Conversation about all things Aqueductian is this blog's remit, and for the next week or so its founder has left it in my hands, desiring me to "enlighten and entertain" you.  If my posts aren't entertaining you probably won't bother reading them.  But I would rather endarken than enlighten.
Some time shortly after the turn of the millenium, sitting in a Capitol Hill cafe with my friend and co-author Cindy Ward, I listened to Timmi Duchamp tell us how she was going to start a publishing house.  She was really serious about this idea; she'd gotten advice on buying ISBNs and everything.  My initial response--which I kept to myself--was a mixture of skepticism and provisional resentment.  I hoped she knew how much work she'd be taking on.  I didn't see why her pet project would ever have anything to do with me and my writing.  And I certainly didn't expect she would change the face of publishing--least of all that face's racial profile.

There are four books that could be called mine.  All come from Aqueduct.  Next year I'll be able to claim a fifth.  Same publisher.  So I was wrong to think Timmi's project would have no impact on my career.  And deliciously wrong in my other conclusion as well.

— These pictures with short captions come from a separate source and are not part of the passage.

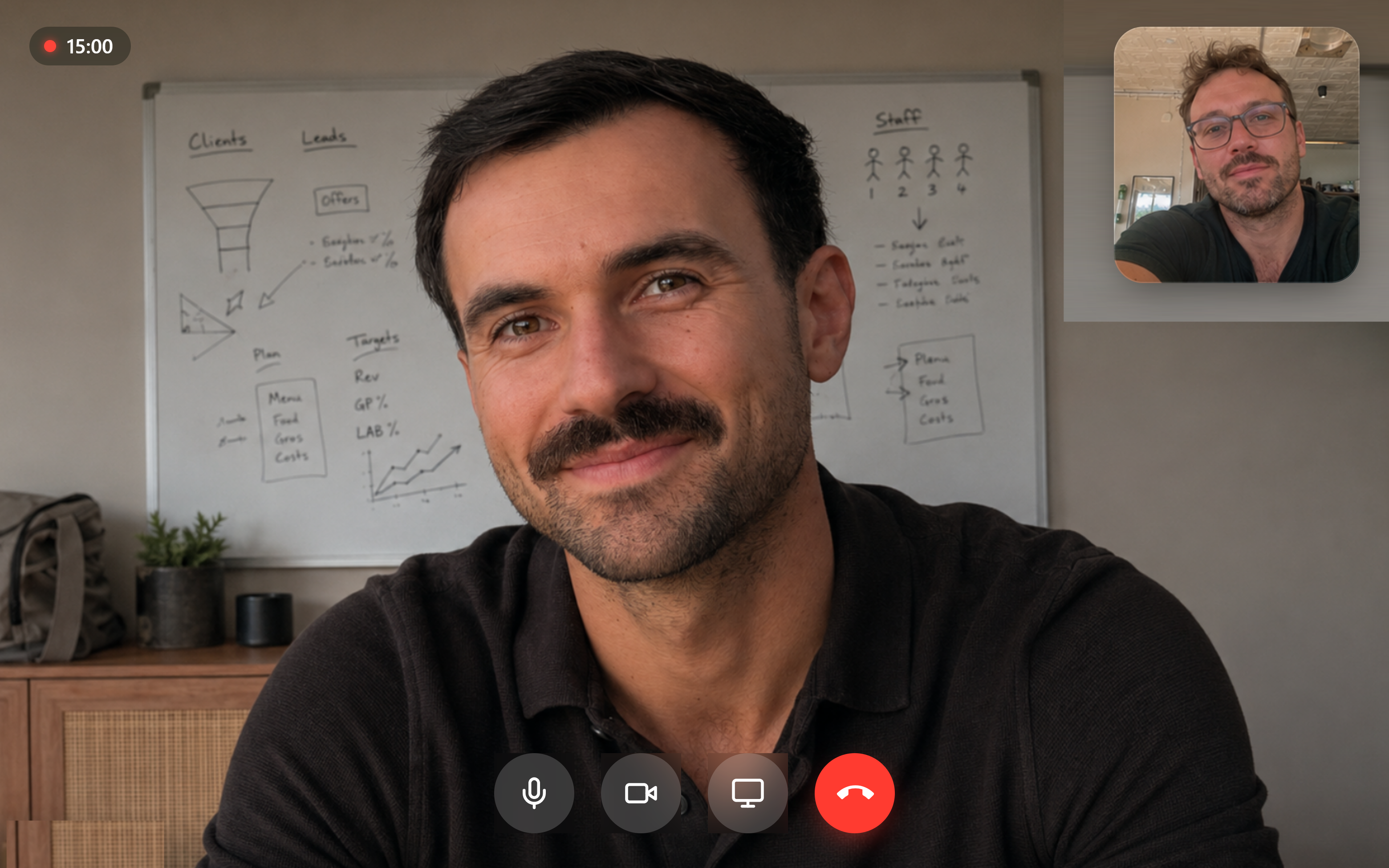 A consulting call in progress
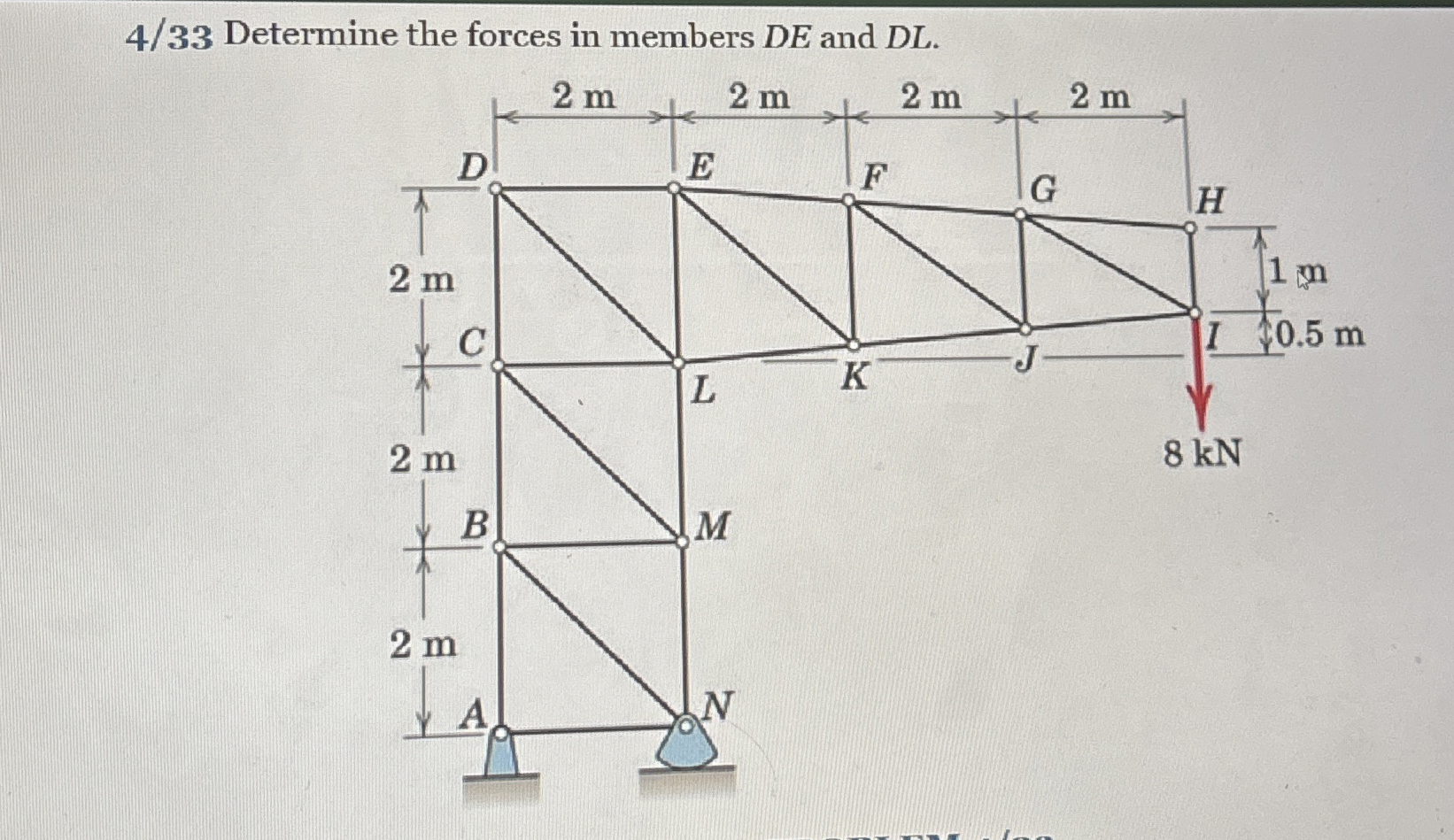 4 / 3 3 Determine the forces in members D E and D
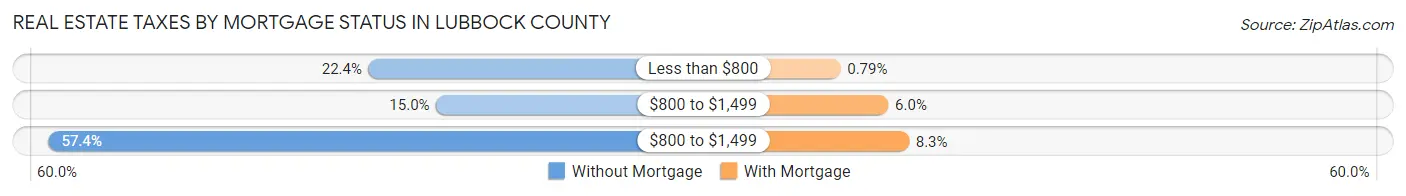 Real Estate Taxes by Mortgage Status in Lubbock County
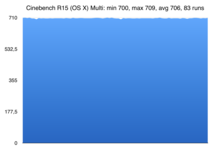 Cinebench R15 Multi loop (macOS)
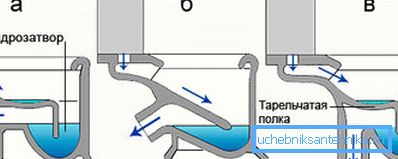 Druhy výstupnej dýzy a) rovná; b) šikmé (45 °); c) vertikálne Druhy výstupnej dýzy a) rovná; b) šikmé (45 °); c) vertikálne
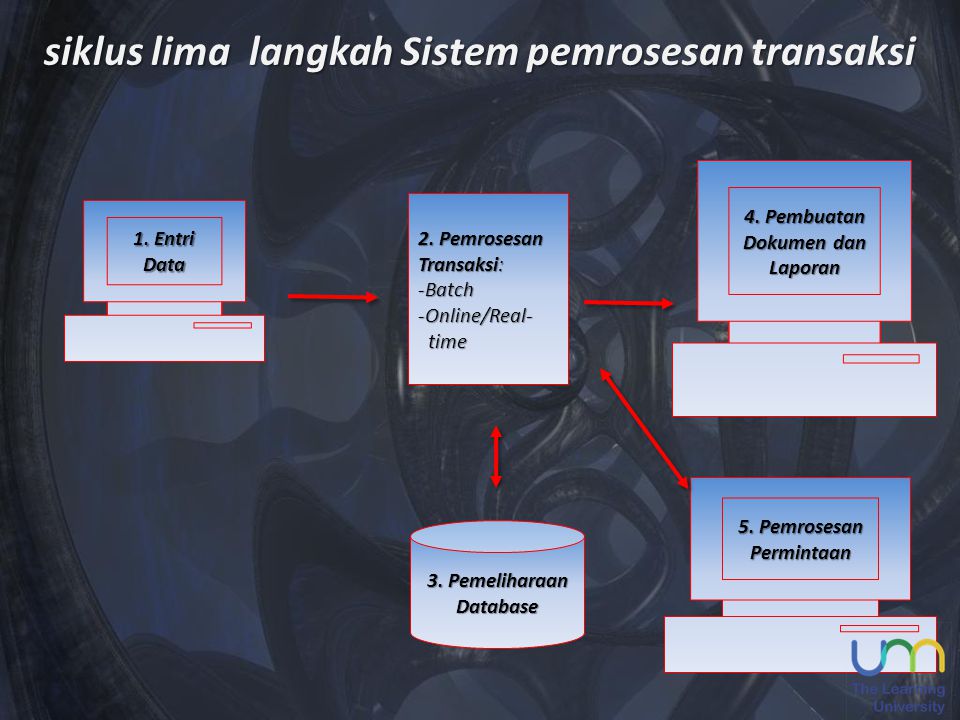 siklus lima langkah Sistem pemrosesan transaksi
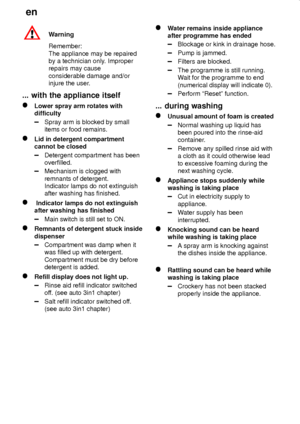 Page 22en
22
Warning
Remember:
The appliance may be repaired
by a technician only. Improper
repairs may cause
considerable damage and/or
injure the user.
... with the appliance itself
Lower spray arm rotates with
difficulty
Spray arm is blocked by small
items or food remains.
Lid in detergent compartment
cannot be closed
Detergent compartment has been
overfilled.
Mechanism is clogged with
remnants of detergent.
Indicator lamps do not extinguish
after washing has finished.
 Indicator lamps do not extinguish...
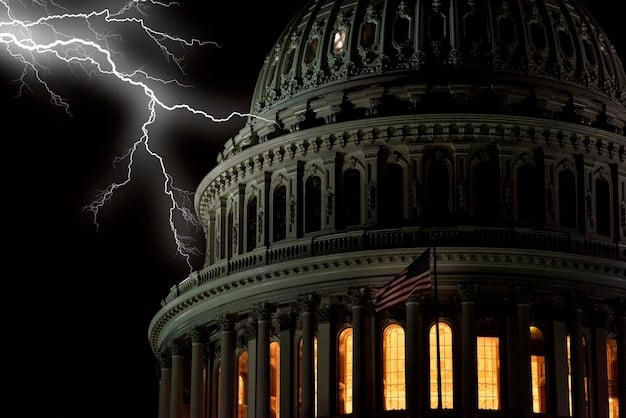 Understanding the US Debt Ceiling Debate: Stakes and Outcomes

Aqueduct's stated mission is to provide challenging feminist science fiction to the demanding reader.  Nothing explicit in there about race or ethnicity.  But when it comes to authors, racial representation within the catalog departs from the unmarked state, which is whiteness.  I love, love, love that the press does this--and without marking that departure.  Don't believe me?  Check out this list of authors.  I count eight who aren't white--there may be more.  Eight of 50.  That's 16%--a smaller percentage than in US demographics, but it feels huge to me.  Huge in a good way.  An endarkening way.

Author An Owomoyela noted that her linguistics studies taught her that:
"gender" is just a word for "kind."
We were talking at the time about the intersection of race and gender in her story "Of Men and Wolves" and also in the excellent Cat Rambo's "Clockwork Fairies."  Talking about a certain kind of kind really doesn't keep you from talking about another kind of kind.  In fact, it can make The Grand Conversation easier to engage in.

Discuss.

1 comment:

  1. Linguistic anthropologist MJ Hardman emailed me to comment on the above as follows:

    Some languages, like Swahili, have something like 15 genders, none of which is sex-based; one is human-based. Lots of languages have shape gender (e.g. Navajo), or animate≠inanimate among many other ways of organizing this world we live in. Gender got coopted out of the taboo on saying sex (like when I was young) because gender in IE languages IS sex-based, even if idiotically so at times.